FIG. 2 shows an example in which the linear motor of the present invention is applied to an azimuth adjustment device for a magnetic head of a magnetic recording and reproducing device.
Components common to those in FIG. 1 are designated by the same reference numerals and their explanations will be omitted.

The upper surface of the movable body 1'' in the figure is formed to form a predetermined inclination angle θ with respect to the mounting surface 11, and the rotary arm 7' has a rotary arm 7' that rotates when the movable body P is at the reference position.
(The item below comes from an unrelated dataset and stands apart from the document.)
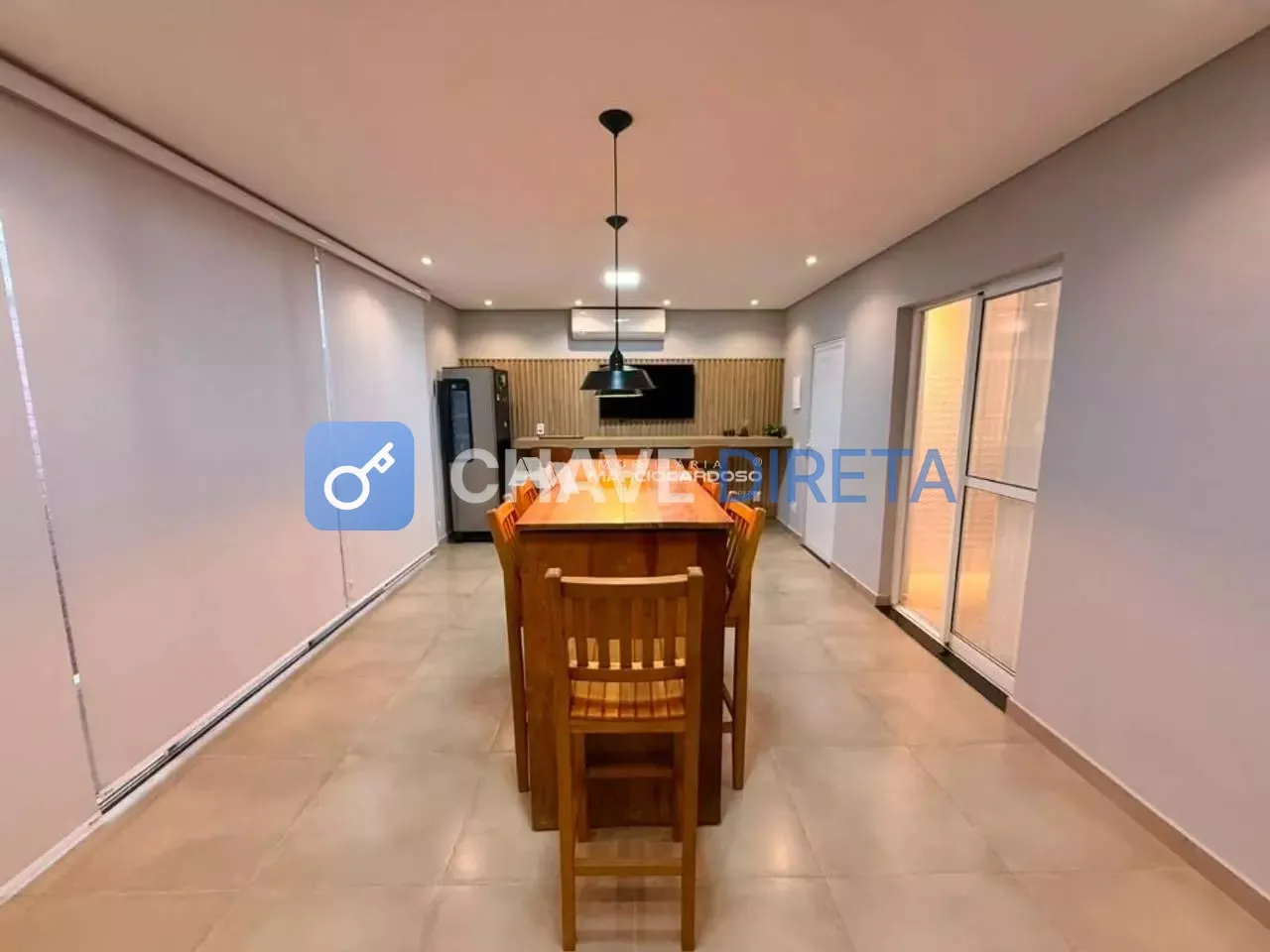 Sobrado com 3 quartos, 160 m², à venda por R$ 665.000 - Jardim Vista Alegre - São José do Rio Preto/SP - Foto 14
The magnetic head 14 is placed so that the gap is parallel to a vertical line m passing through the rotation axis of the movable arm 7''. Further, when the magnetic recording/reproducing apparatus is in operation, it is assumed that the magnetic tape 15 moves in the direction of arrow B with the magnetic tape 15 in m contact with the tape-contacting surface of the magnetic head 14. In the above configuration, by applying a predetermined drive voltage signal s2 to the electrostrictive element 3, the moving body 10 is
, B, the rotating arm 7' rotates and the azimuth of the magnetic head 14 can be adjusted.

However, in this case, the mass of the rotating arm 7' and the magnetic head 14 formed integrally therewith is affected, and the mass m of the movable body 1'' and the frictional force are substantially reduced depending on the direction of movement thereof. Although it is necessary to take this change into account, this effect can be ignored if the inclination angle O is sufficiently small.

Although one configuration example and one application example of the present invention have been shown above, it is clear that the present invention is not limited to these embodiments and can take various forms.

(Effects of the Invention) According to the present invention, a near motor is provided in which the amount of movement per t pulse of the drive voltage applied to the electrostrictive element is larger than that of the conventional one, and the movement stops immediately at the end of the pulse. Therefore, it is suitable for use in servo control and the like that require stable operation.

[Brief explanation of the drawing]

FIG. 1 is a block diagram of a linear motor according to an embodiment of the present invention, FIG. 2 is a block diagram of a linear motor according to another embodiment of the present invention, and FIGS. 3 to 7 are diagrams for explaining the present invention. FIG. 8 is a diagram showing a conventional example. 1... Movable body, 2... Inertial body, 3... Electrostrictive element,
6... Spring, 7... Rotating arm, 8... Support column, 9...
. . . Spring, standing . . . Moving body, 13 . . . Pulse wave voltage generating means, 14 . . . Magnetic head, 15 . . . Magnetic tape.

Claims (1)

[Scope of Claims] 1) An electrostrictive element that expands and contracts according to an applied voltage, and a first element that has a different mass and is integrally attached to both ends of the electrostrictive element in the direction in which the electrostrictive element expands and contracts. By acting on the second inertial body and the first inertial body having a small mass,
a linear motor comprising a frictional force increasing means for increasing the frictional force generated in the first inertial body. 2) The first inertia acting on one end of the electrostrictive element is set to be smaller than the second inertia acting on the other end in the direction of expansion and contraction of the electrostrictive element that expands and contracts in accordance with the applied voltage, and Among the frictional forces generated as the electrostrictive element expands and contracts,
A method for forming a linear motor, wherein the relationship between the frictional force f_1 acting on the one end side and the frictional force f_2 acting on the other end side is f_1>f_2≧0.